Sometimes I listen to audio books, occasionally I don’t listen to anything, but most of the time I listen to music while I’m running. Cheesy music. Nostalgic music. Music that only makes sense when I’m running. Over the five 1/2 years that I’ve been running, I’ve created a lot of playlists and listened to a lot of music. Here’s the current one:

  1. Hey Ladies/Beasties Boys
  2. Furr/Blitzen Trapper
  3. The Raiders March/John Williams
  4. Don’t Stop Me Now/Queen
  5. Happy/Pharell Williams
  6. Without You/feat. Usher
  7. Skyfall/Adele
  8. Sorry/Justin Bieber
  9. Get Lucky/Daft Punk
  10. Ride Like the Wind/Christopher Cross
  11. Cheap Thrills/Sia
  12. I Made it Through the Rain/Barry Manilow
  13. Back in Black/ACDC
  14. I’m Going to Go Back There Someday/Gonzo
  15. ABC/The Jacksons
  16. The Best of Times/Styx
  17. The Distance/Cake
  18. Video/India Arie
  19. Roar/Katy Perry
  20. Ordinary People/John Legend
  21. Learn to Fly/Foo Fighters
  22. Gonna Fly Now (Theme for Rocky)/Bill Conti
  23. Don’t Dream it’s Over/Crowded House
  24. Big Shot/Billy Joel
  25. Pinball Number Count: 4/Pointer Sisters
  26. Uptown Funk/feat.

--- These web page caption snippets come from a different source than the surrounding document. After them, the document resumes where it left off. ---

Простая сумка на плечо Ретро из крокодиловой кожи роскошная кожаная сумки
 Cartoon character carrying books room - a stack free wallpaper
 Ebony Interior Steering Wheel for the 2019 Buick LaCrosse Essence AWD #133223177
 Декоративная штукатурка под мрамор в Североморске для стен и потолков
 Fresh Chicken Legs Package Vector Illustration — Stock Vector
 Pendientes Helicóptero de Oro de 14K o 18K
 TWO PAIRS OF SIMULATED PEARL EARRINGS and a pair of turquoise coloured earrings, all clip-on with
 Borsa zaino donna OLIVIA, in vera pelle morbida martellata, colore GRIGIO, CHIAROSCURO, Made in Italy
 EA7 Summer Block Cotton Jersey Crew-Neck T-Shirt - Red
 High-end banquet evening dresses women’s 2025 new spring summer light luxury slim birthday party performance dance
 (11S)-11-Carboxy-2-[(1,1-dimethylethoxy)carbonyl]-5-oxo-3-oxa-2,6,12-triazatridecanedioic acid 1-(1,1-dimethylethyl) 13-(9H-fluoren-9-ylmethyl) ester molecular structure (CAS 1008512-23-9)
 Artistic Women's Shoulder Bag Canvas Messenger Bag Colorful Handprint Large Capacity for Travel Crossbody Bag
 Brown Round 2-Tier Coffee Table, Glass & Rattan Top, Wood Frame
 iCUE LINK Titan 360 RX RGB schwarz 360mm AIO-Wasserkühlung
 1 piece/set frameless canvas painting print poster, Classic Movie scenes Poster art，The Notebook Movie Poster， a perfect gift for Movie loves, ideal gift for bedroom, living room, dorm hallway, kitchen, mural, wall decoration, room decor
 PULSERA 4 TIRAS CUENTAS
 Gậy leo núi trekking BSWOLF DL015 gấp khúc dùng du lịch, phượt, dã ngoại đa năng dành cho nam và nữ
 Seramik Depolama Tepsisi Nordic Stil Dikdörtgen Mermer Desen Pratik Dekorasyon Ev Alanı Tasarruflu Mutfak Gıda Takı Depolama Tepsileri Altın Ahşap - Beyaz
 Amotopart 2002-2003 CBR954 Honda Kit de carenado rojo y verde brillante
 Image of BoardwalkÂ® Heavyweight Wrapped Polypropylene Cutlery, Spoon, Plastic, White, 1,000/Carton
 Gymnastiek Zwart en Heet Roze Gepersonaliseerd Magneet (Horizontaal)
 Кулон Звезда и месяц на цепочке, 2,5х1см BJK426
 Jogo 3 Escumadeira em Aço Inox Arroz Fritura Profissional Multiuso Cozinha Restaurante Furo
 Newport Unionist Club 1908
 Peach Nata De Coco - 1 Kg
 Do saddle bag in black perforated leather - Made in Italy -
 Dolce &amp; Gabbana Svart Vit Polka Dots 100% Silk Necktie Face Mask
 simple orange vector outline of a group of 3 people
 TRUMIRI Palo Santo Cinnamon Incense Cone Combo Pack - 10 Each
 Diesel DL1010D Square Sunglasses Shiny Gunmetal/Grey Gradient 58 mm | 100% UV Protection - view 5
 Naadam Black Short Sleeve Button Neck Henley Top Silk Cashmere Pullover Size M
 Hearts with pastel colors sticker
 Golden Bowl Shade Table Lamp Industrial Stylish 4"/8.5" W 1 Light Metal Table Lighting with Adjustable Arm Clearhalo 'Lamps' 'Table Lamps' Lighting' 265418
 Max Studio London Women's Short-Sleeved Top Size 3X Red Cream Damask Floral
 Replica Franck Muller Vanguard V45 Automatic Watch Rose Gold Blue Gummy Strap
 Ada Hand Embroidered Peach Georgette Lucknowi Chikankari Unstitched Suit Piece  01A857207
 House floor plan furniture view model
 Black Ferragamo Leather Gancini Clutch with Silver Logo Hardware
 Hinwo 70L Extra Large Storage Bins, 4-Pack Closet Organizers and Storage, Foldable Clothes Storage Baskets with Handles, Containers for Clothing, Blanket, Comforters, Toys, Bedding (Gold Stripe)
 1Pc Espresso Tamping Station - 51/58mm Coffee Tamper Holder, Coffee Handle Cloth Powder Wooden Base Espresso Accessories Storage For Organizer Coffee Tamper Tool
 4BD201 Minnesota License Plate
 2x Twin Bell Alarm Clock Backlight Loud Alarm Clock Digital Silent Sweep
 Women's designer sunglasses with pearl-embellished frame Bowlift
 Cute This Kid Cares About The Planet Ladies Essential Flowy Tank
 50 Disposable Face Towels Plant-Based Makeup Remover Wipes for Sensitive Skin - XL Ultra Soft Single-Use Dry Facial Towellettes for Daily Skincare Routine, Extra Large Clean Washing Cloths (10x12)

Bruno Mars
  27. Hollaback Girl/Gwen Stefani
  28. I’m Still Standing/Elton John
  29. Summer Breeze/Seals & Crofts
  30. Firework/Katy Perry
  31. Another One Bites the Dust/Queen
  32. Baby/Justin Bieber
  33. Hot for Teacher/Van Halen

Very eclectic. No logical order and attention to pace here. Just songs that, at some point in my life, I have loved and want to listen to again. I usually put this list on shuffle.

Since I’ve been using this one for a while, it’s probably time to create a new one. Two requirements: it must have Barry Manilow and at least one Muppet song on it. I’m thinking “Copacabana” and “Can You Picture That.”

jan 12/REST

I’m on week one, day four of my training schedule. It’s my only day of rest. I don’t want to rest; I want to run, even though it’s 9 degrees outside. But I will rest because I know that my body, especially my right knee, the one that periodically gives me trouble and has a bone spur, needs it.

Not wanting to rest makes me think of an unpublished blog post that I recently found:

Restlessness

According to my mom, when I was a kid, I hated going to sleep. I wanted to be up all of the time, active, doing things. She claimed that, on more than one occasion, I fell asleep in a running position. Now I’m middle-aged and I don’t have trouble falling asleep, but I’m still restless and I end up waking up a lot. Restless. Legs that ache with a desire to move, to go. Somewhere. I don’t have wanderlust, just a need to move. I feel trapped in the bed, just sitting there, immobile. I used to think that my restlessness was because I was no longer as active as I used to be. Around the time I became an academic and my mom started to slowly die, I stopped exercising my body. All of my energy was used to think as an academic and to survive raising two young kids while witnessing my mom dying. But now, I’m exercising. I’ve been running for many years and swimming and biking. I work out a lot. But it hasn’t stopped my restlessness. Sometimes I feel like a caged animal, pacing around. I remember witnessing my mom do the same thing. We would be watching tv, maybe a movie, and all of a sudden, she would get up and just start walking around the room. I do that now.

Where does this restlessness come from and what do I do with it?